P.S.: Lad doch mal einige Detailbilder hoch, wo man die Einzelheiten wie Gefälle und Anschluß an den Garten besser sehen kann.
Die Pics dürfen ruhig 600x800 und bis zu 244kB groß sein.


----------



## hundert50 (19. Okt. 2007)

*AW: Fehler beim Teichbau !!!*

Hallo Annett,
hier ein paar Bilder - hoffe man kann erkennen, wie das Gefälle ist.

Der Teich im Rohbau
 


So sah der Teich im letztem Jahr aus.
 

Den Rand habe ich gemauert
 
 
 

so sieht er jetzt aus
 

Auf die Folie habe ich nochmal Vlies verlegt und dann den Kies drauf.
Den Kies wollte ich rausnehmen und einen kleinen Wall bauen, um die Pflanzzone abzuteilen.
Die Pflanzzone wollte ich dann wieder mit dem Kies auffüllen.
Der Wall müßte schon stabil sein.
Einfach Steine hinlegen geht nicht, weil die abrutschen würden.


----------



## Andreas H. (20. Okt. 2007)

*AW: Fehler beim Teichbau !!!*

Hallo 

wenn wenig Wasser drin ist, füll ein ummanteltes Drainrohr mit Beton lege es auf die Folie und lass es aushärten. das ergibt eine feste Kante. einmal umlaufen lassen, damit es sich abstützen Kann.
Andreas


----------



## Annett (20. Okt. 2007)

*AW: Fehler beim Teichbau !!!*

Hallo Peter,

im Bereich unterhalb der gemauerten Umrandung (Abdecksteine) schaut die Folie raus.

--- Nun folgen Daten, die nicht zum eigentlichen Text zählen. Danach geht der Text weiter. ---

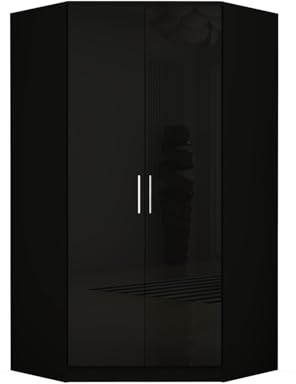 URBAN FURNISHING High Gloss Corner Wardrobe with Clothing Rail and Shelves – 2 Door Spacious Wardrobes for Bedroom | Modern Bedroom Wardrobes for Clothes, Shoes & Toy Storage (Black)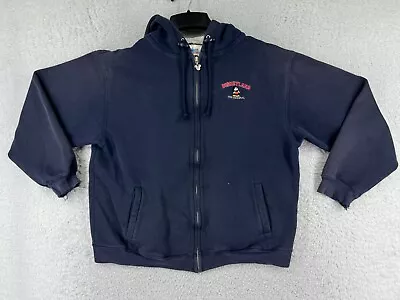 Disney Jacket Mens Medium Blue Full Zip Hooded Cotton Blend Disneyland Mickey • $11.54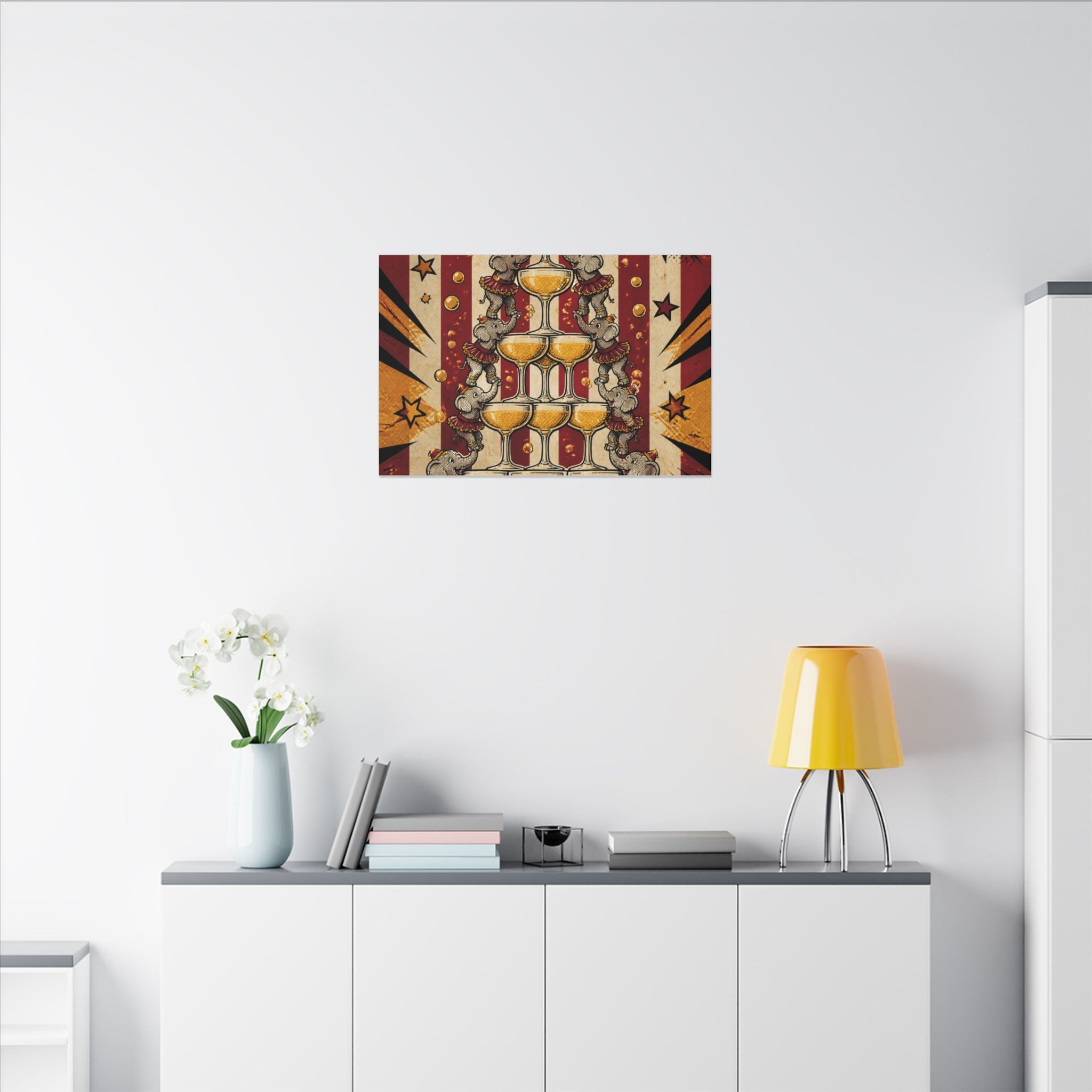 Champagne Tower Elephants Wall Art Canvas 24×36 Pop Art Restaurant Decor Maximalist Print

Das ist schon mal überhaupt nicht gut, denn dort verliert sie durch die UV-Strahlen viel zu schnell ihre Weichmacher, wird spröde und reißt. :?
An der Stelle = fast tötlich für den Teich. 

Irgendwie wirst Du dort die Folie auf jeden Fall abdecken müssen. Entweder mit Matten/Vlies etc. oder mit einer Steintrockenmauer. Nur sorgt dies entweder für eine schnellere Erwärmung des Wassers oder für eine höhere Verdunstungsrate. :?
Besandete Folien sind leider auch nicht sonderlich haltbar (Steine fallen ab).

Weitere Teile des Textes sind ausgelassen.